[antlr-interest] Lexer bug?

Mon Oct 22 09:29:44 PDT 2007

> -----Original Message-----
> From: antlr-interest-bounces at antlr.org [mailto:antlr-interest-
> bounces at antlr.org] On Behalf Of Clifford Heath
> Sent: Sunday, October 21, 2007 5:49 PM
> To: antlr-interest at antlr.org
> Cc: public-antlr-interest-ErkRXerACLvYtjvyW6yDsg at ciao.gmane.org
> Subject: Re: [antlr-interest] Lexer bug?
> 
> Jim Idle wrote:
> > This isn't a bug.
> 
> Nonsense. Any lexer that consumes characters that aren't a legal token,
> and announces a legal token without flagging an error, has a bug.

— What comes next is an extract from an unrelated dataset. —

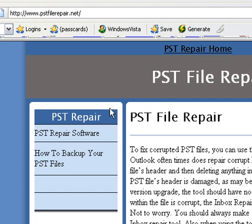Hi, this is John Stevens with PSTFileRepair.net, again that's PSTFileRepair.net, and the purpose of this video is to show you a 100% free way to actually repair your Outlook PST file.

I want to be clear what I am saying here, as it may be of benefit to others.

Basically, whether one's interpretation of the current behavior is that it
is incorrect or a bug (and I will let Ter comment as to whether these are
bugs are not ;-), the thing is that this is what currently happens if you
try and separate certain lexical decisions into separate tokens and then
expect the ANTLR analysis to work out what is required. I am of a practical
nature, and so generally work with what I have. Hence the way I write my
lexers is with the current behavior in mind. The current behavior being what
it is, I suggest a more pragmatic approach, being as detailed in previous
posts, and which is, where possible, to combine common roots into one rule
and split the lexing decisions at the obvious points; where the common
root(s) diverge. Somehow, to me at least, this seems intuitive and natural,
and it also allows the lexer to recognize certain malformed tokens, which
can result in clearer error messages.

Basically, I consider it more like a compiler, that may well one day be able
to perform more analysis of my source code and produce better target code,
but doesn't right now. The better input I give it, in terms of what it can
deal with, then the more efficient will be my code. This situation is of
course not quite analogous to the optimizing of a poor algorithm vs a good
algorithm, but at least in approach, it is how I look at it. Hence, it seems
to me that if I encode the recognition of one or more tokens, which have
common roots, as explicitly having these common roots, then I give the
analysis and code generation phases a better chance of producing better code
than they otherwise would (for the moment).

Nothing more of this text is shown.